In the shadow of our parents’ ambitions

We rely on parental guidance but it’s only that: guidance, not law. | Benz De Marshall Pierre, PantherNOW

Benz De Marshall Pierre | Staff Writer

It is common for parents to recommend or even command that their children embrace a certain profession. Reluctant to disappoint Mom or Dad, we begrudgingly adopt that profession and thus neglect our very own calling.

It’s the dream of all parents to see their offspring succeed. To materialize that dream parents often pour considerable resources into their children’s future; be it in education or some other area, with the view of making a useful individual out of them.

Some of us, I am sure, fell victim to that sort of mindset; however, this is not done out of malice.

For most of them, it’s their way of expressing their parental instincts. Regardless of the admirable reasons behind them, it does a disservice to the youth who must find their own paths.

We rely on parental guidance but it’s only that: guidance, not law.

Every generation is called to leave its own imprint on its respective community, and staying in the shadow of an old generation’s goals simply denies them that.

By being trapped in these shadows, we fear that we will mimic our parents’ flaws and by doing so bring nothing to the grand scheme of life.

A parent should stop infusing their children with their view of the world the moment they show the earliest signs of being responsible.

Growing up in Haiti I often heard it said that the moment the child knows how to safely cross the street, they should be treated as adults.

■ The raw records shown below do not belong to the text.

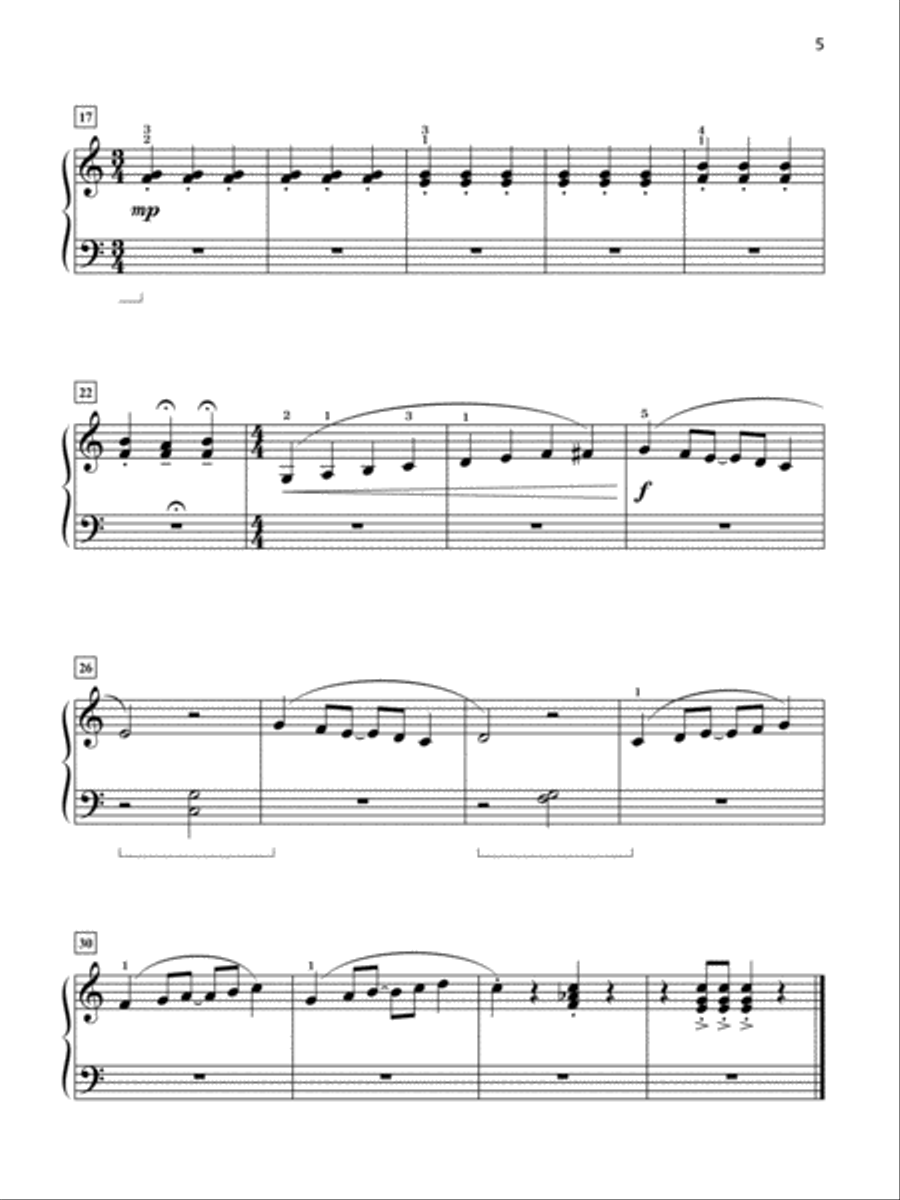 Grand One-Hand Solos for Piano, Book 3: 8 Late Elementary Pieces for Right or Left Hand Alone Piano Method scores gallery preview page 5
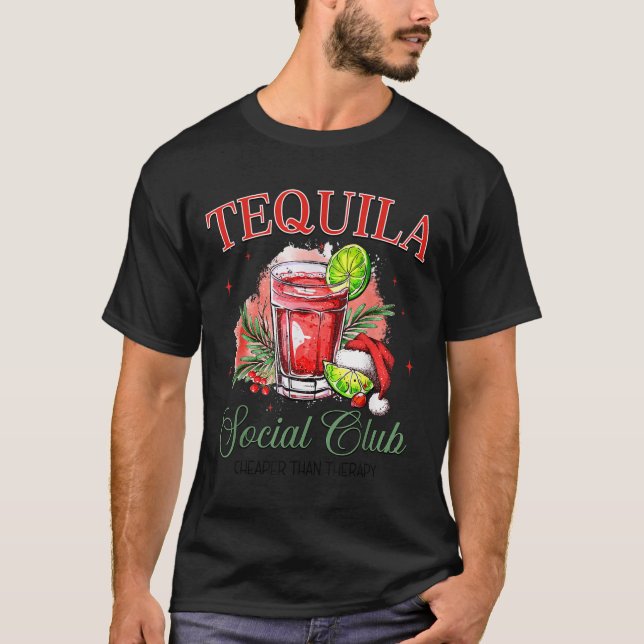 T-shirt Tequila Social Club Tequila Tail Club Drinking Chr (Devant)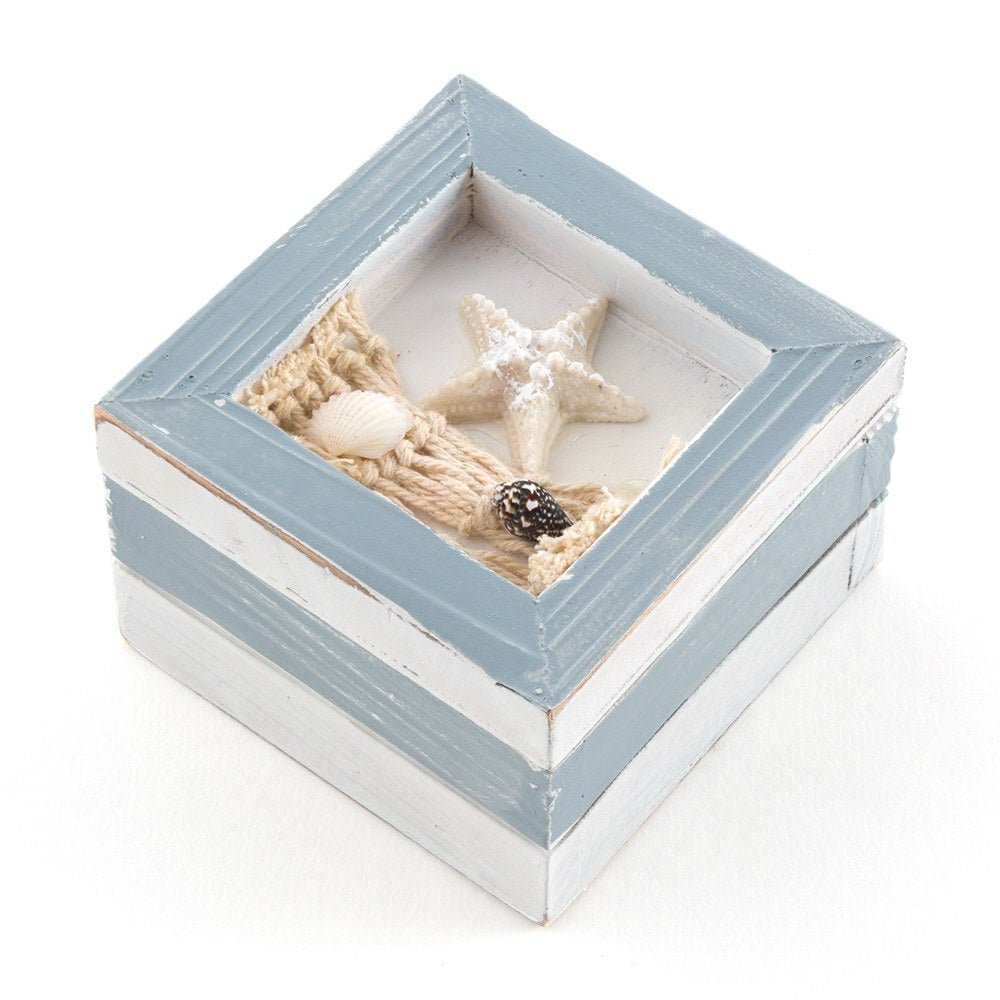 Beach Theme Wooden Trinket Boxes - Forever Wedding Favors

This is of course a bit extreme, but I am sure you get the point.

I was fortunate enough to have parents who never tried to force me on a path that I hadn’t the slightest interest in. As I began to form my own thoughts and articulate the desire to become a doctor, my father bought me an anatomy book. Without a doubt, he was surely cultivating that infantile desire to see where it could lead, but it was never forced on me.

Later, I grew enchanted with music, and to satisfy that newfound interest, my dad enrolled me in music school where I played the guitar. But my adventurous soul was not yet done with its bouts of exploration. As I discovered other interests such as theater and martial arts, he was equally supportive of them and made sure I explored them all.

Thanks to my prowess in all these fields of interest, my father was convinced that I was born for the big screen.

Well, many years later I haven’t the slightest interest in becoming either a movie star or a musician. I am now majoring in political science, a field that fascinates me immensely. I am also a voracious reader with a particular appreciation for classic novels, in fact, I believe they offer some of the best insights into the human condition.

My interest in doing martial arts has not essentially faded but after I underwent a profound change of mindset, I concluded that I had to shift my interests in life.

What could my life be like if instead of following my interests and supporting them, my father had suppressed them or forced me into them?

I know that the reverse of this abbreviated anecdote might be true for many of you. Many of you would have welcomed a parent who supports their child’s love for the arts and a subsequent career in that profession.

But it’s still wrong if they had forced you to choose the arts instead of something else. The reason for that is that as individuals, we should always strive for authenticity. Even if we yield to our parents’ demands and become rich as a result, later on, part of us may still crave the path we were denied.

It’s assumed that people who are forced to follow in their parents’ footprints and neglect their passion don’t end up happy. Disappointing our parents can be a difficult concept however it is critical that our happiness comes first.